Records for the exercise:
------------------------------------
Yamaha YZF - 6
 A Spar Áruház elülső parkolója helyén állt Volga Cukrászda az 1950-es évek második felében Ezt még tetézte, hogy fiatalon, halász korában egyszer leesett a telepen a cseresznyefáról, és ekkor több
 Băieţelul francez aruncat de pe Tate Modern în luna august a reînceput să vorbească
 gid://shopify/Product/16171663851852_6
------------------------------------
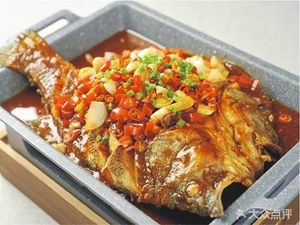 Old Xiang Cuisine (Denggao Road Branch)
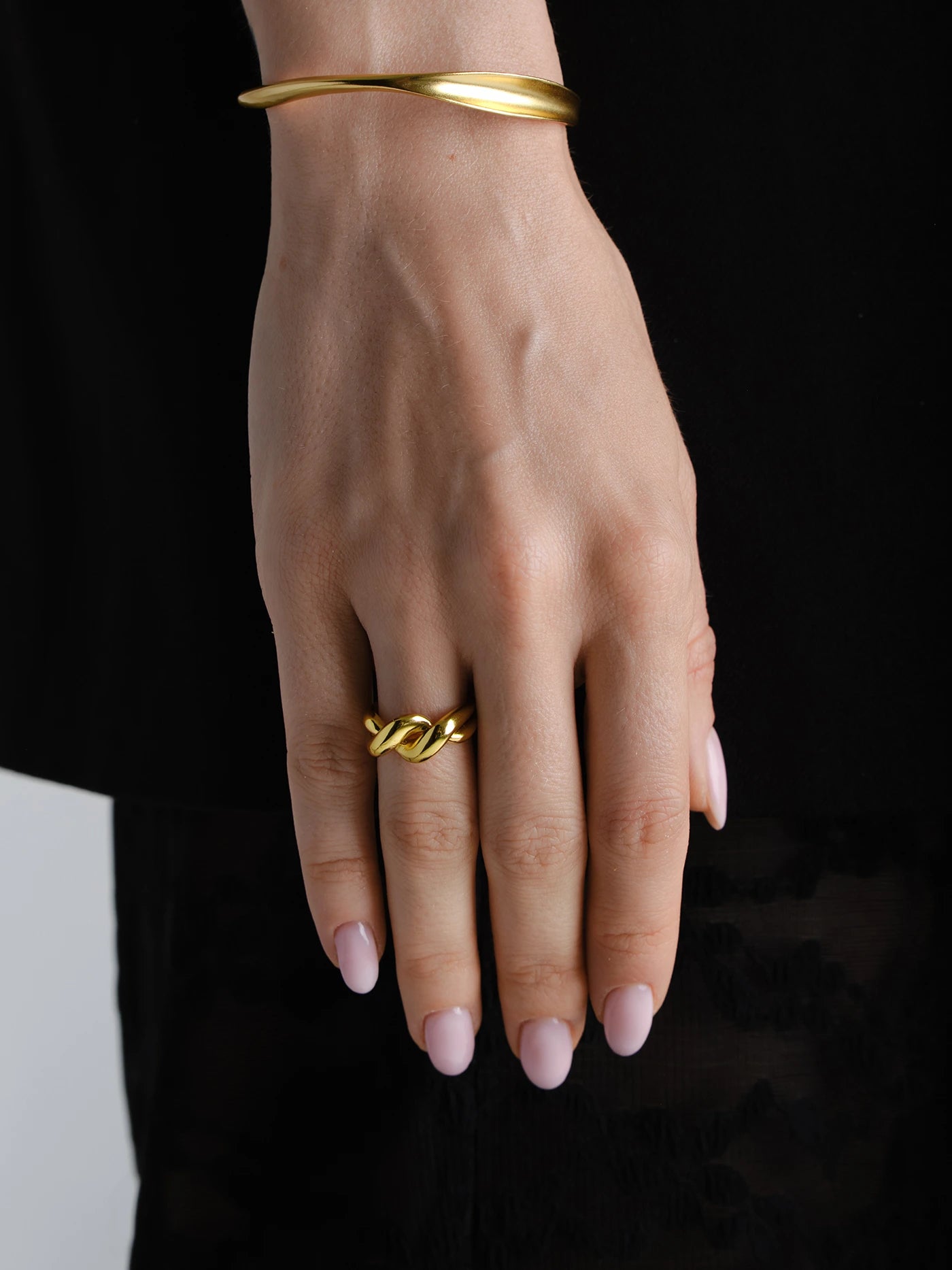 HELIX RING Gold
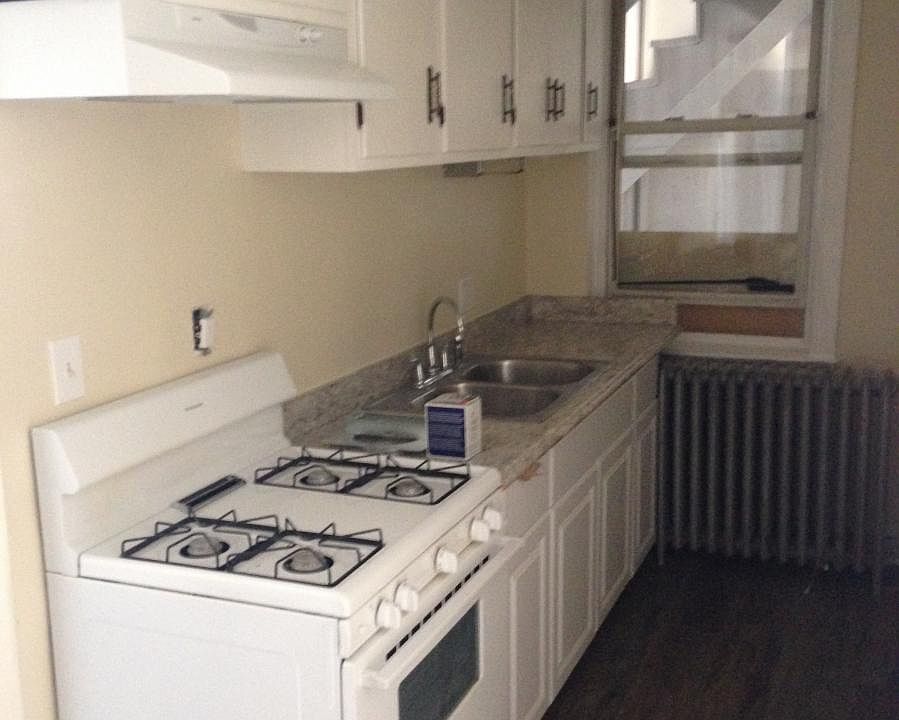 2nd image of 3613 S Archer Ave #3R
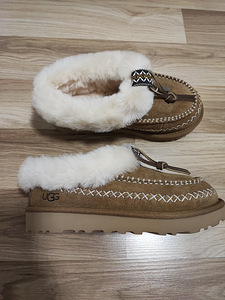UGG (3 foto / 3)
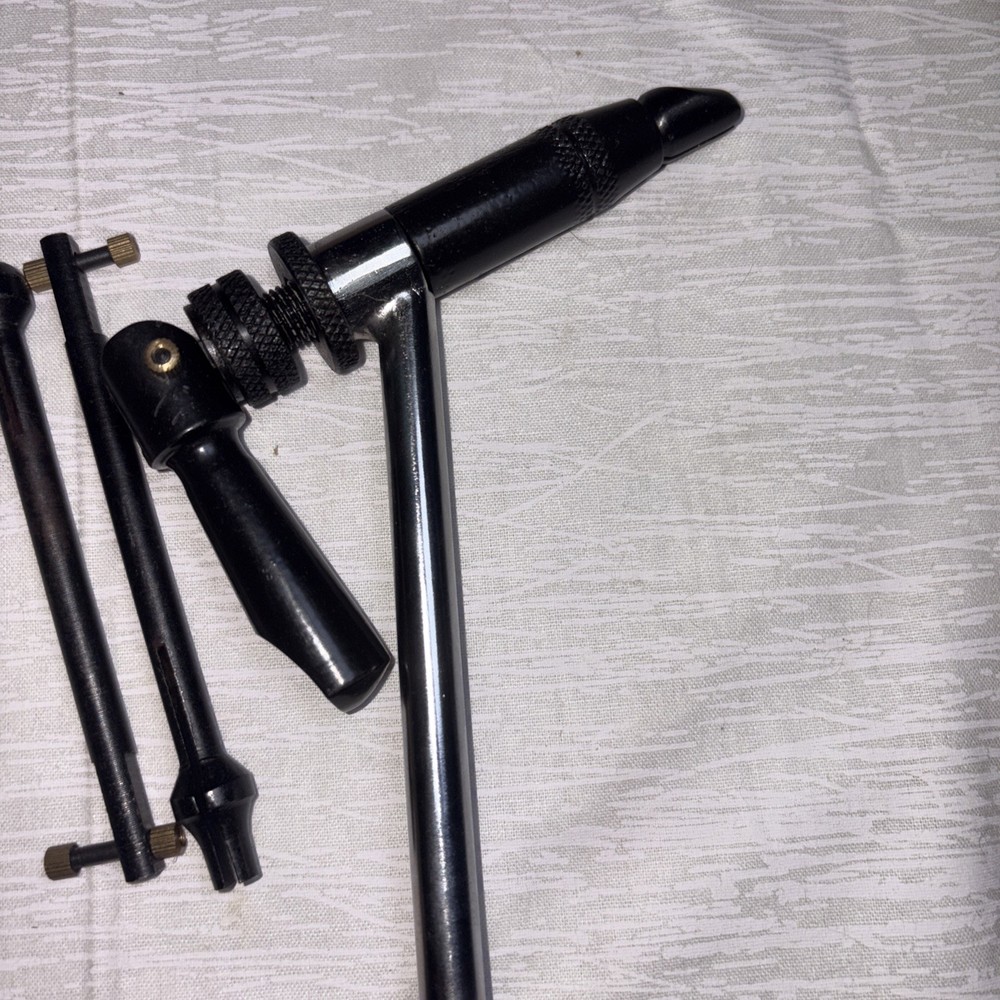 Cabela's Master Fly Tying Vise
------------------------------------
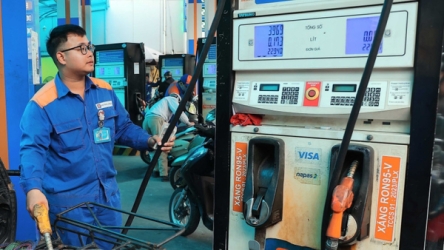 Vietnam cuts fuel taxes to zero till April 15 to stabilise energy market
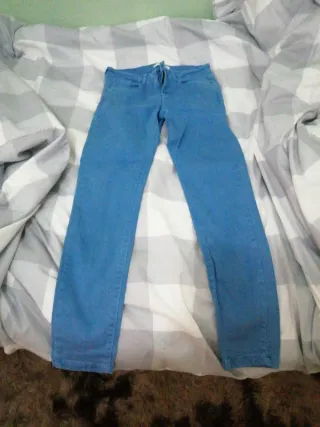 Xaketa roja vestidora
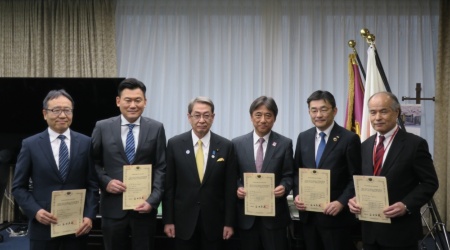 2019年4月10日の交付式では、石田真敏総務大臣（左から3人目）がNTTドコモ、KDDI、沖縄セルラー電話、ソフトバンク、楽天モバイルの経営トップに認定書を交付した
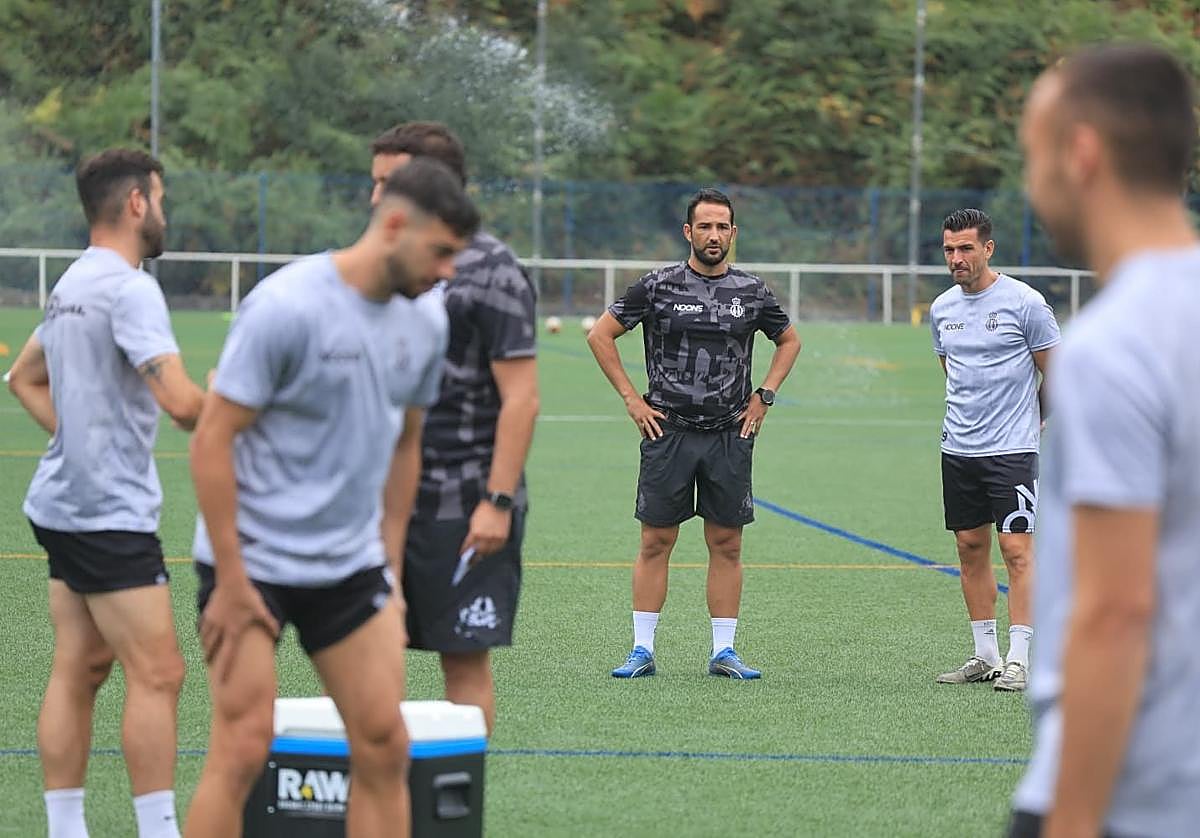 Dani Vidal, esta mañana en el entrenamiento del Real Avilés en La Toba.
------------------------------------
What to work on: Retype word for word everything in the listing above from the line that holds "Yamaha YZF - 6" down to the line that holds "gid://shopify/Product/16171663851852_6". Keep both end lines and leave out the rest.

Task response:
Yamaha YZF - 6
 A Spar Áruház elülső parkolója helyén állt Volga Cukrászda az 1950-es évek második felében Ezt még tetézte, hogy fiatalon, halász korában egyszer leesett a telepen a cseresznyefáról, és ekkor több
 Băieţelul francez aruncat de pe Tate Modern în luna august a reînceput să vorbească
 gid://shopify/Product/16171663851852_6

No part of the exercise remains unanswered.